The issue is a crucial one that speaks to the "Aca" part of my Aca-Fan identity. I know that not all of you are interested in academic politics but you may be interested in what follows because it speaks to the barriers blocking a fuller dialogue between academics and others who share our interests and passions in popular culture. As someone who studies popular culture and the people who produce and consume it, I have always felt an obligation to try to get my insights back into a larger public circulation. But this is easier said than done.
Publish And Perish
The current state of academic publishing poses some real challenges for those of us who want to engage with a public beyond the textbook market. For starters, there is the challenge of publication time. It can take as long as two years, sometimes longer, between the time that an academic completes a book and when that book hits the stores. For that reason, few of us are able to engage in meaningful ways with contemporary developments in popular culture. I can't tell you the number of books which were started with the goal of responding to popular media in real time and which ended with the phenomenon under investigation dead and buried by the time the book hit the market. There are certainly some things I will need to update about Convergence Culture on the blog even if the general trends I identified in the book remain valid.

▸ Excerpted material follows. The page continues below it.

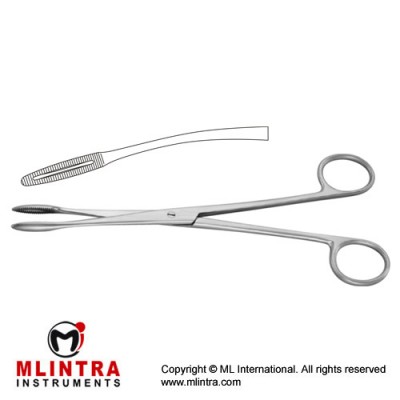 Gross-Maier Dressing Forcep Curved - Without Ratchet Stainless Steel, 21.5 cm - 8 1/2"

Second, there are real filters that make it extremely hard for academics to get books into commercial bookstores where they might fall into the hands of non-academic readers. Most proposals for academic books on popularculture boldly assert that there is a potential crossover market around their topics but it's hard to figure out how they are going to reach that readership when their books are never going to appear in Borders or Barnes and Nobles or any of the other chain bookstores where the vast majority of books get sold.

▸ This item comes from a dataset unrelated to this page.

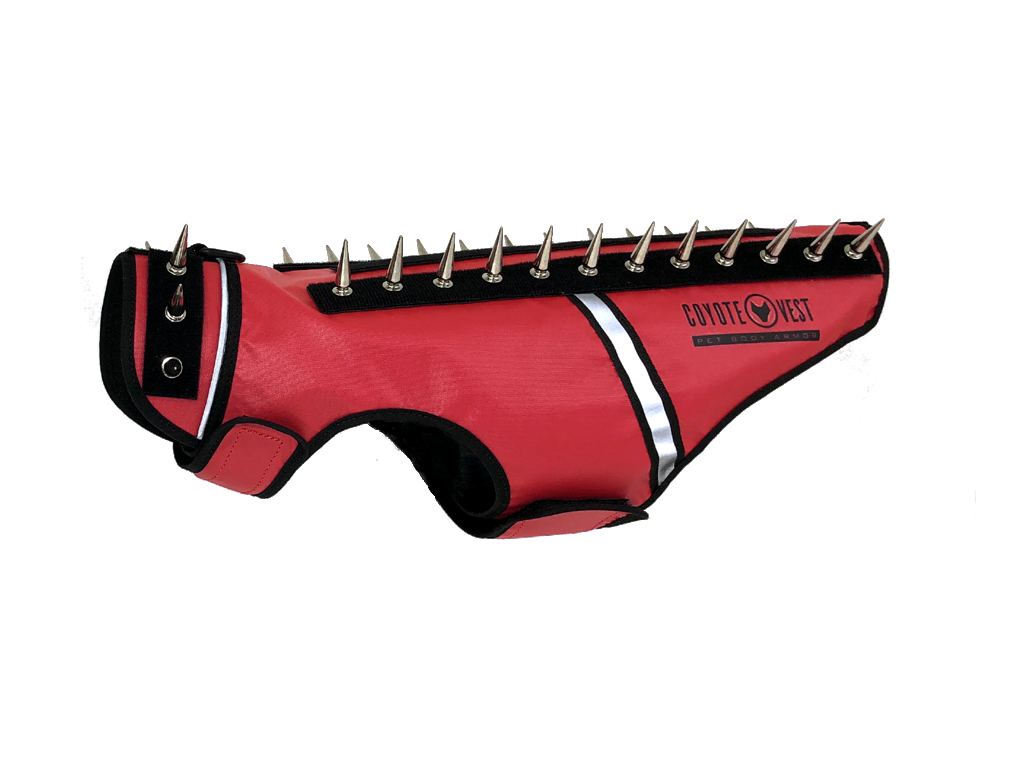 SpikeVest for Cats | Predator Protection Vest | Puncture-Resistant with Chrome Spikes | XS–M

My goal in writing Convergence Culture was to produce a general market nonfiction book. For all practical purposes, the book which NYU Press will publish was written with such a reader in mind -- the chapters are structured through narratives and examples drawn from familiar programs, the language has been striped down as much as possible (there are some purely academic terms but most of the terms I use come from the media industry or from fans rather than from other theorists. And I have added a glossary in the back which readers can consult if they run into an unfamiliar concept.) I don't think I dummied down the book: I simply did not assume that the reader was immersed in the same academic debates as I was. But I found it hard to find an agent who understood what the book was trying to argue or who could imagine a general reader interested in knowing about the logic by which current media operated. I was told again and again that a nonfiction book could only have three big ideas and that the most successful ones only had one core concept. The passage I quoted in my opening post was a bit of a parody of this claim -- trying to reduce the book's sweeping arguments to the core concepts of convergence, collective intelligence, and participatory culture.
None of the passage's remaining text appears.